Table of Contents:
This work deals with analysing multiple emulsions of the water-in-oil-in-water (W/O/W) type regarding their physical state and their production. The investigated emulsions are to be used as drug delivery systems, offering protection of sensitive drugs against enzymatic degradation. This is achieved by encapsulation of the drug inside of the multiple emulsion. For the application as a pharmaceutical product, the quality parameters stability, encapsulation efficiency and reproducability of the production have to be considered. In this work, the theoretical foundation and the required methods are developed aiming towards an application of the multiple emulsions as a pharmaceutical product.
The physical properties of emulsions and thereby their produtcion are, apart from the materials used, governed by the droplet sizes and the disperse phase ratio. When analysing W/O/W emulsions, these parameters are prone to change, as water might migrate between the inner and the continuous water phase along existing pressure gradients. The theoretical relationship between the disperse phase ratio and the pressure gradient are established and analysed. The common analysis methods - rheology and static light scattering - are adapted to the emulsions of subject. In these analysis methods, the disperse phase ratio is one influential parameter next to other, not directly quantifyable parameters. To analyse the disperse phase content, a method based on confocal microscopy is developed which measures the disperse phase content directly. Using this method, the theoretical relationship is analysed.

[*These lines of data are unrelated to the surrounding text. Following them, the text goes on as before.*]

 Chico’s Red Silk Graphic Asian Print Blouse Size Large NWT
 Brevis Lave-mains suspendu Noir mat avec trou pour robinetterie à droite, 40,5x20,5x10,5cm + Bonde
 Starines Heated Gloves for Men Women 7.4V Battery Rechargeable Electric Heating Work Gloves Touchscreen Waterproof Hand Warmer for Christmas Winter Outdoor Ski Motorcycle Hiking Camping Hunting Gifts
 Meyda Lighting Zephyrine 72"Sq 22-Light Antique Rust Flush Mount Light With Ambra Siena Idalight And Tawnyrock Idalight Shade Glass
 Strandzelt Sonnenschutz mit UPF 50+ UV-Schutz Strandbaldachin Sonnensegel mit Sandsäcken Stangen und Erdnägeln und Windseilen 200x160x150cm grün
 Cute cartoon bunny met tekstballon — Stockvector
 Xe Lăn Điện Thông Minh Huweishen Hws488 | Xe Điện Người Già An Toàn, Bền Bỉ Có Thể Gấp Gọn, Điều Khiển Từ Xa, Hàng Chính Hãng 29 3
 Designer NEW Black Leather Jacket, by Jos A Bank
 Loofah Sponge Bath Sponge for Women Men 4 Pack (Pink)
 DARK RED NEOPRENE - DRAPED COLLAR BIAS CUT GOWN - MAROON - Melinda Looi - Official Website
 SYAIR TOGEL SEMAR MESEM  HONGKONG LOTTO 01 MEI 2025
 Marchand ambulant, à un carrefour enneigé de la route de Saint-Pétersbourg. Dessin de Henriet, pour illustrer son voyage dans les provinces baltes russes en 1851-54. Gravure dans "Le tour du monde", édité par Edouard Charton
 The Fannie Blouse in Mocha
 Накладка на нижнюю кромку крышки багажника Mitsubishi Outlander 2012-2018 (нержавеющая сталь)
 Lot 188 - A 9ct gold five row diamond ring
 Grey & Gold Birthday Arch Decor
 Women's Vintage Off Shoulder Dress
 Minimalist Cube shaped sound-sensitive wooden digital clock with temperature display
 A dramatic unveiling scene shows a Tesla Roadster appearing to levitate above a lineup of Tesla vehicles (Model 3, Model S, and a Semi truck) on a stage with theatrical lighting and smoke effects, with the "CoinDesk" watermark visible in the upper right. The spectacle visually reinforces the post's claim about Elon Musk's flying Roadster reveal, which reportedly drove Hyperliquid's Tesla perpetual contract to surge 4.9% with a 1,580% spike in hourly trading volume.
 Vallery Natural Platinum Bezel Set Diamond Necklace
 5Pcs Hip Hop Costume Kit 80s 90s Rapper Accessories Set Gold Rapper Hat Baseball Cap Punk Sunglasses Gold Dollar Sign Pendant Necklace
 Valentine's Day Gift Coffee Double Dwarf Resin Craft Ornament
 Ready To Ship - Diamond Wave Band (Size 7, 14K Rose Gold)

Via different production schemes and the subsequent analysis of the disperse phase content, the processes occuring during the production are identified. The combination of droplet size reduction and variable disperse phase ratios creates a positive feedback. Difficulties regarding the reproducability of the multiple emulsions can be explained by this self amplifying process. To account for this, an in-line measurement method (describing the state of the emulsion during the production) based on dielectric spectroscopy is developed and demonstrated.
The quantified relationship between disperse phase content and the pressure gradient enables via the measurement of the disperse phase content the determination of the encapsulation efficiency.
An evaluation of the sensitivity of the multiple emulsions against destabilising phenomena was conducted based on the developed relationship. The temperature dependance of the interfacial tensions leads towards the development of a stresstest to determine the stability of the emulsions against temperature variations.
The scientific and methological foundations leading towards an application of the subject emulsions as a pharmaceutical product are developed in this work.